The IVD explored the records of the Internal Security Forces Hospital matching the dates of entry and exit of Matmati’s body. It discovered a name erased with a correction pen. Their investigations lead the IVD to suspect that the body had been taken out by the agents of La Marsa and buried somewhere in the municipality’s gardens. Oula Ben Nejma paid a courtesy visit to Judge Habib Ben Yahia before the start of the session. She confided that the president of the chamber has serious leads as to the place where the corpse was buried clandestinely. But she did not say whether this lead intersects with that of the IVD. For the time being, Latifa and Aïcha Matmati are waiting and continue to plead tirelessly.

SEIZING PROPERTY, COERCING THE ACCUSED

To the great joy of the lawyers of the civil party in Gabes, the representative of the public prosecutor’s office will in turn present to the court the same request as the defence: to freeze the property of the accused, who have been absent since the opening of the Matmati trial. It was the Court of First Instance (TPI) of Nabeul that first took this initiative, on 30 April, in the trial of Bessma Baliî, an Islamist opponent who was tortured and sexually assaulted following her arrest in the autumn of 1991. The Tunis Court of First Instance, which handles 61% of the cases of serious human rights violations investigated by the Tunisian Truth Commission, initiated the same procedure on 20 May. 

This measure gives a lot of hope to activists and associations supporting the transitional justice process, which suffers from lack of political will, multiple blockages and “global reconciliation” projects at the government level. “At each hearing, the victims are present but the benches of the accused are always sparse, when they are not simply empty,” criticizes a report entitled “Assessment and Prospects of the Specialized Chambers”, presented in December 2020 by a group of national and international NGOs, including the Association of Tunisian Magistrates, Lawyers Without Borders and the World Organization Against Torture.

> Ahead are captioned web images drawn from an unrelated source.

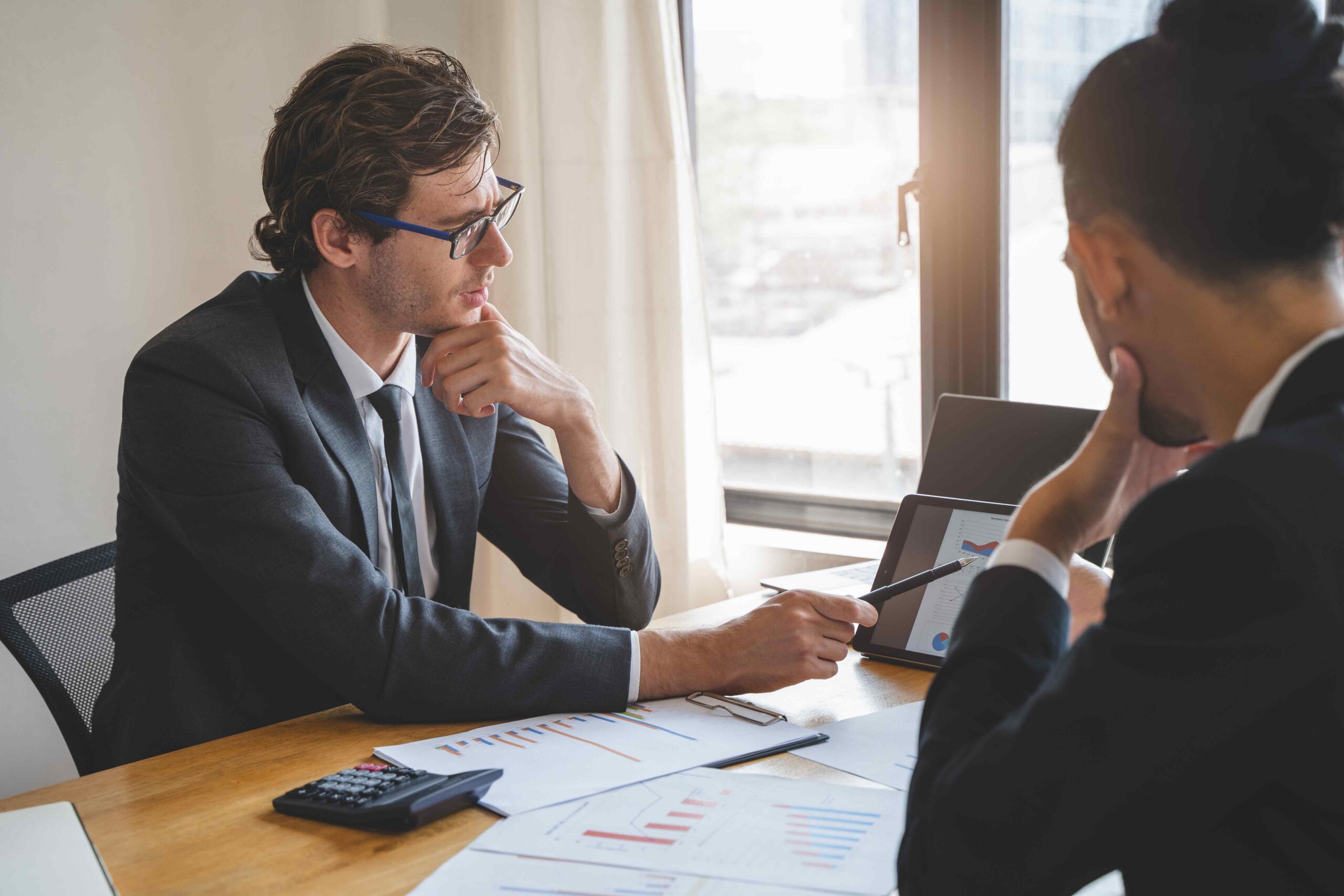 Executives discussing AI governance risk compliance and responsible AI advisory solutions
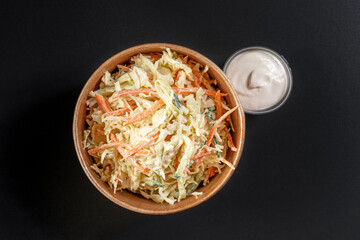 Vitamin salad with fresh cabbage in paper take away container with sauce on black background.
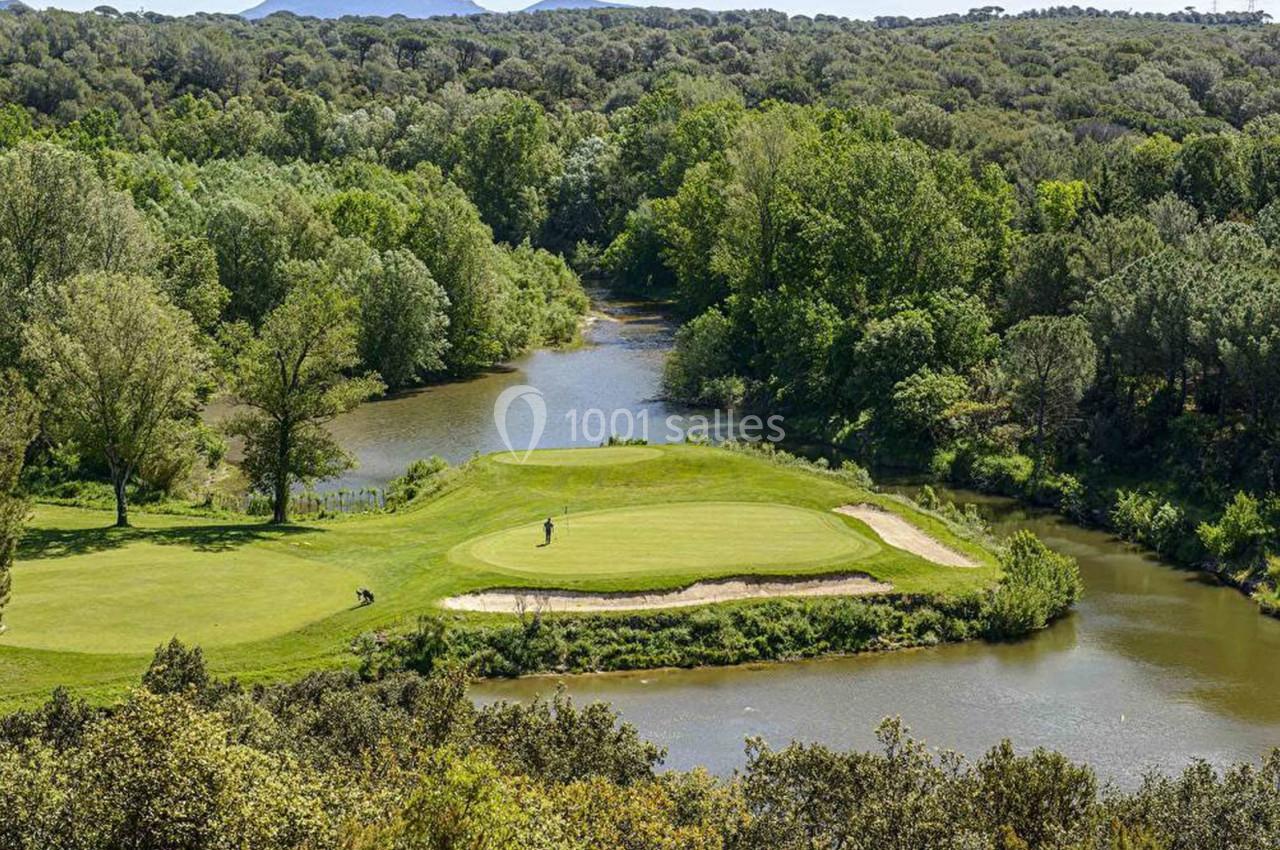 Vue d'un terrain de golf entouré d'arbres et bordé par une rivière dans un paysage naturel verdoyant.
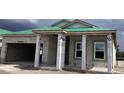 New construction home with concrete block walls and a green roof, showing the home being built at 5724 Haystack Drive, St Cloud, FL 34771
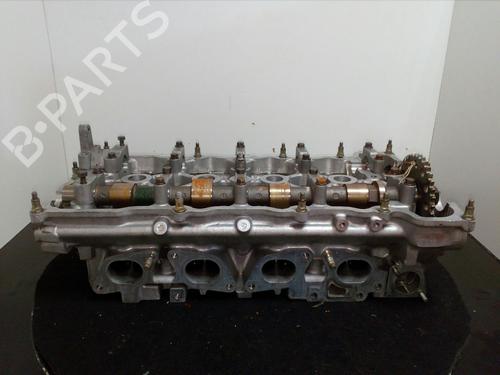 Used Cylinder head NISSAN PRIMERA Hatchback (P10) [1990-1996]  10972390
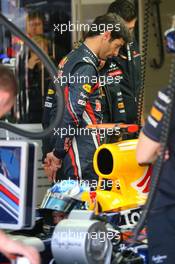 07.05.2011 Istanbul, Turkey,  Mark Webber (AUS), Red Bull Racing looking at the car of Sebastian Vettel (GER), Red Bull Racing - Formula 1 World Championship, Rd 04, Turkish Grand Prix, Saturday Practice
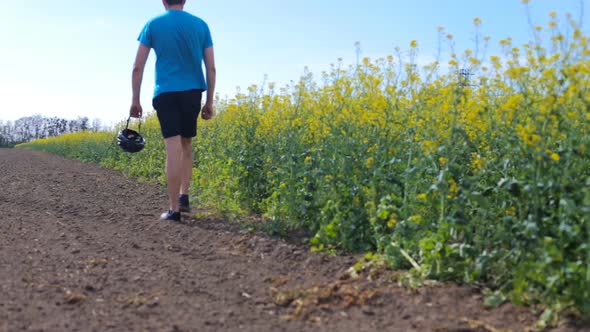 The Athlete is on the Flower Field with Bike Helmet alt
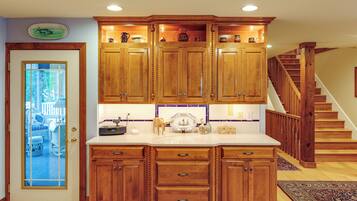 Una cocina con gabinetes de madera, una encimera blanca y una estufa integrada.
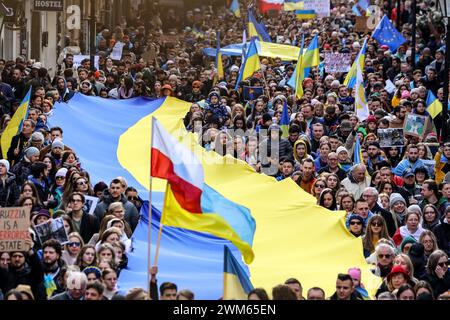 Krakow, Poland, February 24, 2024. Ukrainians and their supporters hold banners, Ukrainian and Polish flags as they attend a march of support and union on the second anniversary of the full scale invasion of the Russian army on Ukraine on Florianska Street in the Old Town of Krakow. The march aims to show the unity of Ukrainian Polish people as well as display support of Russian and Belarus opposition towards Ukrainian struggle. Credit: Dominika Zarzycka/Ģ����ý Live News Stock Photo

According to the same report, such absenteeism and the inability of the judiciary to enforce warrants is the result of the proximity between the accused and those who are supposed to guarantee their presence at trials. “The former are mostly members or former members of the security forces, including the prison administration. The latter are judicial police officers, also members of the security forces. The relationship between the judicial police officers and the accused seems to be marked by a deep corporatism and a certain community of allegiance,” the authors point out. These same NGOs hope that the sequestration of the defendants’ property will change the situation.